Ellen Wheaton Ayer Wood (1859 – 1951)

Ellen was a free-spirited woman who spent six months studying at Les Ruches, a young ladies’ school in Fontainebleau founded by Marie Souvestre—she later founded the Allenswood Academy in England and became a great influence on Eleanor Roosevelt. She continued her education at Radcliffe College, but nursing her mother through her final illness scarred the eighteen-year-old Ellen for life.

Left with a delicate constitution but blessed with the heart of a lion, Ellen married William Wood, a dashing man who transformed her father’s company into the premier textile factory in the world. She survived one tragedy after another—her mother’s illness, the death of two of her four children, and the suicide of her husband—becoming a valuable source of comfort to her sister when Beatrice lost both their parents in the span of one month in 1918 and her husband in 1945.

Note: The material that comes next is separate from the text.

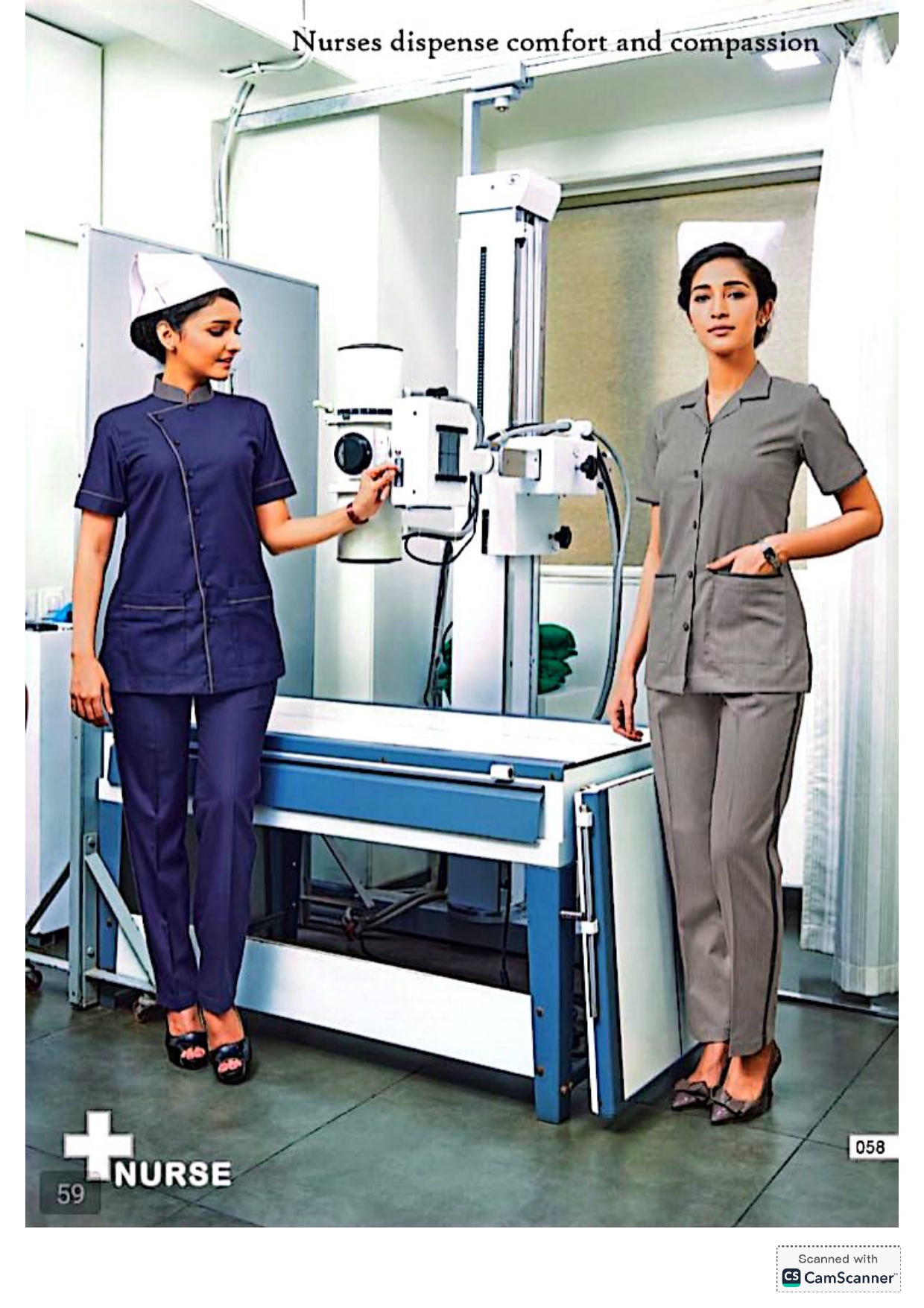 Surgical Wear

James “Jamie” Cook Ayer (1862 – 1939)

Jamie was the only Ayer who left the North Shore area, moving to New York after graduating from Harvard to pursue a career in medicine. He was a well-respected surgeon at Bellevue Hospital until management passed him over for a promotion, which should have been his based on seniority. He was never the same after he lost the lawsuit against his former employer, despite continuing to run a successful private practice and becoming quite “distinguished as a painter.”

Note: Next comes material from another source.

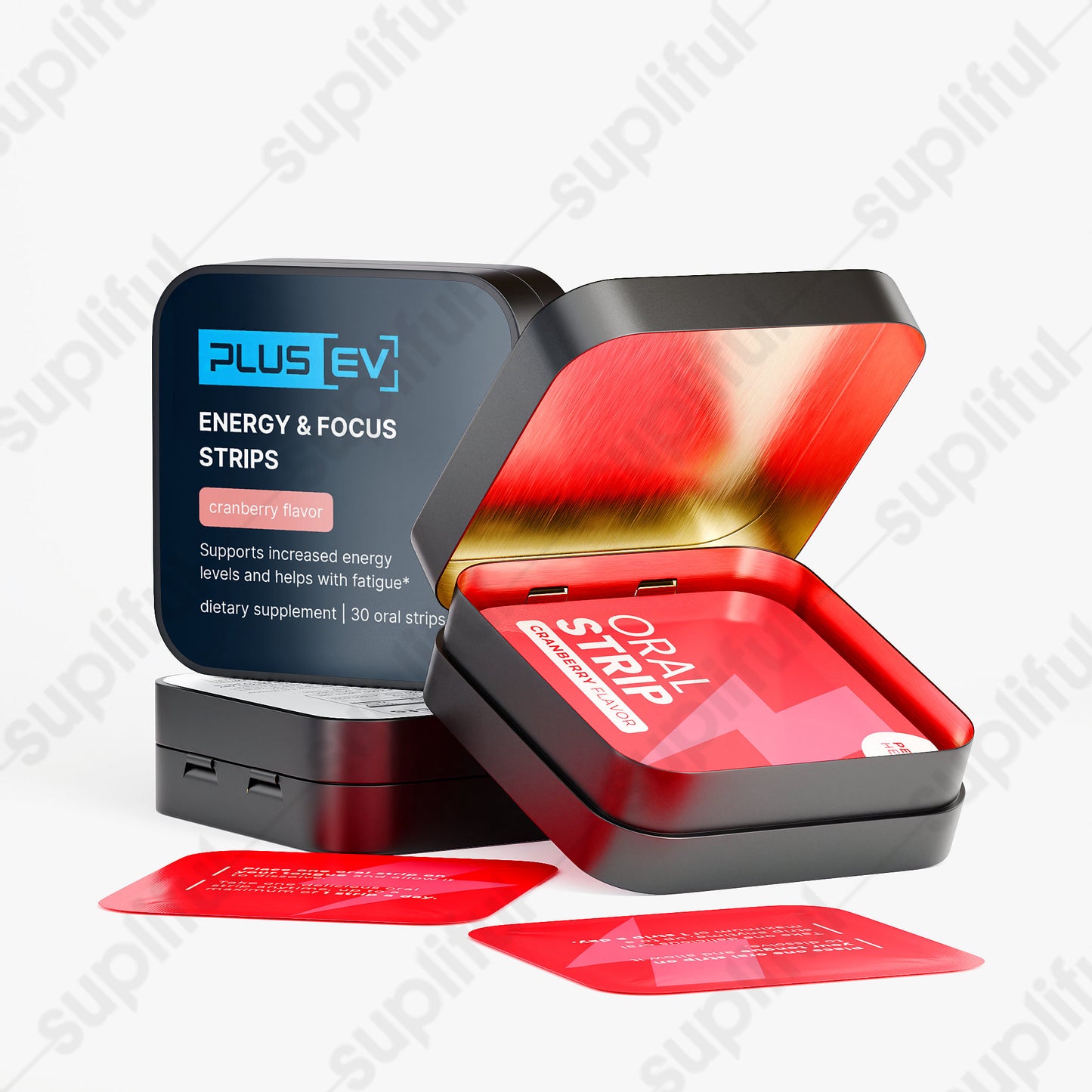 Energy Strips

Married to May Hancock Boyd in 1907, Jamie enjoyed an active life sailing and hunting. He frequently hosted his brother-in-law at Shadowland, his Long Island estate, during the 1910s and 1920s when George participated in the local horse races. Dedicated to his family, Jamie traveled wherever someone needed him, whether Egypt in 1897 or England in 1922.

Charles “Chilly” Fanning Ayer (1865 – 1956)

Chilly was a quiet and sensible man who enjoyed the simple life of sitting around the fireplace telling stories. Even though he wanted to go into forestry, he attended Harvard and followed his father into business. A prominent industrialist in the textile and mining business who also ran the family trust with his brother Fred, Chilly was known to be extremely honest and upstanding.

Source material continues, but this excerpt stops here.